Om jag vänder mig om

Björn Runge - 2003 - Sweden

Swedish melodrama by Bjorn Runge based around three couples and a night of secrets, shouting, sharing, absolution, etc. You know the score. Comparisons with Bergman’s family dramas are obvious, but the roaming camera pursuing and swinging between characters looking for cracks and blame seem more akin to Haneke. If anything, despite a quality cast, Runge’s allowing everything to be resolved by histrionics only shows how carefully calibrated Bergman pitched his melodrama. Despite its chilly, despondent disposition, "Daybreak" has more in common with soap operas.

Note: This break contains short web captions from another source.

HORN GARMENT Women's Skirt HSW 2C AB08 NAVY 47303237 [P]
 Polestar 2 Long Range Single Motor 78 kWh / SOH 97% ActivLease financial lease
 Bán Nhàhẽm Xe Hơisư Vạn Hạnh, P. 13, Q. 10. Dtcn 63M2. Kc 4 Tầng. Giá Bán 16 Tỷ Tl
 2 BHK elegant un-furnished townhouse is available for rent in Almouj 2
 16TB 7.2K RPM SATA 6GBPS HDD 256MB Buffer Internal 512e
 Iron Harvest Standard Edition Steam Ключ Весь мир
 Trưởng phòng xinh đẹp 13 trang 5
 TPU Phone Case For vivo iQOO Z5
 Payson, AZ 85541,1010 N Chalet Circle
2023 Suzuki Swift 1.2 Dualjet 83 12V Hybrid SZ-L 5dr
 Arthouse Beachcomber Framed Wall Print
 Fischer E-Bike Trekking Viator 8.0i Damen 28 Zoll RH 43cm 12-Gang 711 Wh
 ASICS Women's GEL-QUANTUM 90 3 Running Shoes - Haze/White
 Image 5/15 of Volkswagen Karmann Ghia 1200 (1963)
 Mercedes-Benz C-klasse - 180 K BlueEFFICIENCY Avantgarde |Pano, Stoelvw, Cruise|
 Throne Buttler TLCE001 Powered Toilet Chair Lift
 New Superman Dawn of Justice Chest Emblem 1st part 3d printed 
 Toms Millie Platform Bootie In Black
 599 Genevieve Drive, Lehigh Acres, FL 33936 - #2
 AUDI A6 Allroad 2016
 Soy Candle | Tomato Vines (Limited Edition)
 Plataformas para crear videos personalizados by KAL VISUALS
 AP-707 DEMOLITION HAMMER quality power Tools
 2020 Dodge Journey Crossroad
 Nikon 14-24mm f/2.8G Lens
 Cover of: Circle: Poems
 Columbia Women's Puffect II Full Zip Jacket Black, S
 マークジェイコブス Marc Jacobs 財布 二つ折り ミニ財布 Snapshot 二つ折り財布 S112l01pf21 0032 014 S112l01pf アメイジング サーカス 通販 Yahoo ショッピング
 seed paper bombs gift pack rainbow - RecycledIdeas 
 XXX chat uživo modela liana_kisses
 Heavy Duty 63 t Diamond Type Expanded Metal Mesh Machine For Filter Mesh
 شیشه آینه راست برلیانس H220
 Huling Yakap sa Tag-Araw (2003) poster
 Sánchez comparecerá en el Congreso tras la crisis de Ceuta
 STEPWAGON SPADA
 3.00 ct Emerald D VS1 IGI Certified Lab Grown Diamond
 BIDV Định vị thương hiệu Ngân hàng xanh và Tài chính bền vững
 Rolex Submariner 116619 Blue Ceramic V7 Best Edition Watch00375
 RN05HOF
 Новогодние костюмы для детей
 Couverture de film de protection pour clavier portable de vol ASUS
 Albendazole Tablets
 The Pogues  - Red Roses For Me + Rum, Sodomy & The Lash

Also like Hanake, Runge ultimately comes out as hectoring and exhibiting moral superiority. There is evidence of casual humanity, but in the end the blame is - as in Hanake - with a middle-class bourgeois who Won’t Face Things and earnestly live their lives in denial. The oddness here is that Runge throws culpability mostly all on the men. A builder who works so hard to earn money for his family, he never spends time with them. A man so embedded in his own loss of his daughter and disgust at the outside world, especially people of colour, that he wants the house bricked up so no one can trouble him and his wife. A philandering doctor about to lose his job and family who, when confronted with painful truths over a dinner of revelations, simply keeps saying he is going to make dinner or coffee to comical proportions. And, oddest of all, a man who left his clearly disturbed and demanding wife for a younger woman years ago. He is obviously happy with his new life, and his ex-wife clearly needs psychiatric treatment and a restraining order; and yet perversely we are apparently to empathise with her agony, with her inflicting what can only be termed torture upon her ex and his wife, for this is the only way he can be made to face the grief he has caused so that she can achieve closure. The ex-wife is left to wander into the dawn, presumably cleansed and less sociopathic, but I wouldn’t bet on it. It’s a fine line between addressing the flaws of average people for a humane outlook and criticising those mistakes into something more judgmental.

The overt symbolism is occasionally cloying too. The bricking-up-the-house is a decent conceit, for it generates a little quirk and mystery besides representing willful alienation. But we start with the graphic removal of the heart; a car chase that ends with them going in circles; a moment where the different narratives briefly pass one another at a crossroads; and then, when revelations have been made and absorbed… daybreak. Like firearms, hysterical characters are often cheap dramatics in search of meaningful drama. More reliance upon the fine cast and greater restraint might have given the show more elegance.